▸ Goal of the exercise:
Nothing outside the range is wanted. Repeat exactly the lines below from the one with "Studs Tape Wide Leg Broek Khaki SHOEBY WOMEN" through the one with "Primary Cover Gasket".

▸ Dataset records:
------------------------------------

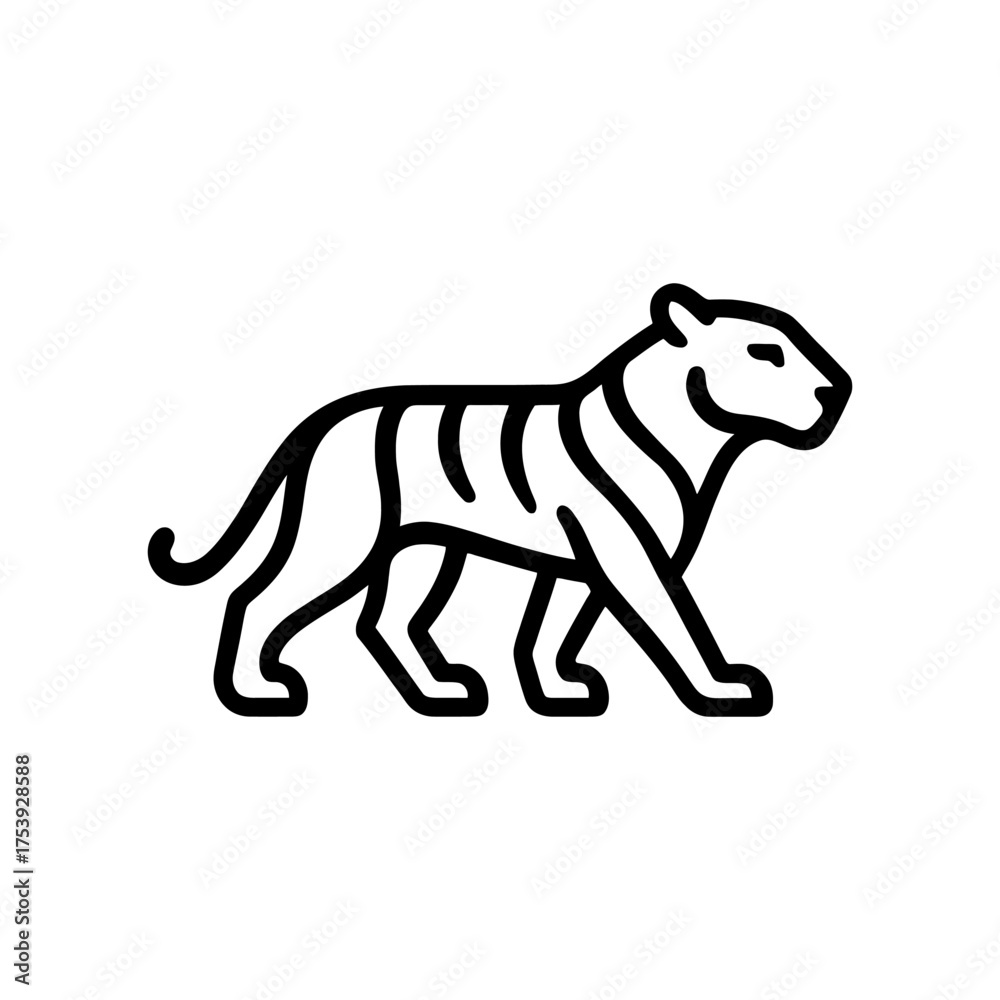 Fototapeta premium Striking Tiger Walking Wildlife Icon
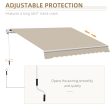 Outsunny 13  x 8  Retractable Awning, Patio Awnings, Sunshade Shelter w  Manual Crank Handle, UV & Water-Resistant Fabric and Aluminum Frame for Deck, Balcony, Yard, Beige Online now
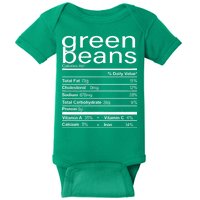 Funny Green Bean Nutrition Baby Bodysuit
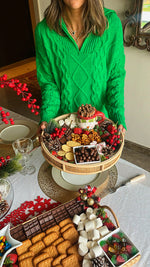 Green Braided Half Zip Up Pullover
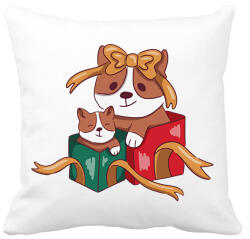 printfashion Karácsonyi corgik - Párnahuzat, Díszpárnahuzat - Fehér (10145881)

------------------------------------

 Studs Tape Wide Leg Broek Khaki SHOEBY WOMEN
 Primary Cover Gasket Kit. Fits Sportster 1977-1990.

------------------------------------

▸ Task response:
 Studs Tape Wide Leg Broek Khaki SHOEBY WOMEN
 Primary Cover Gasket Kit. Fits Sportster 1977-1990.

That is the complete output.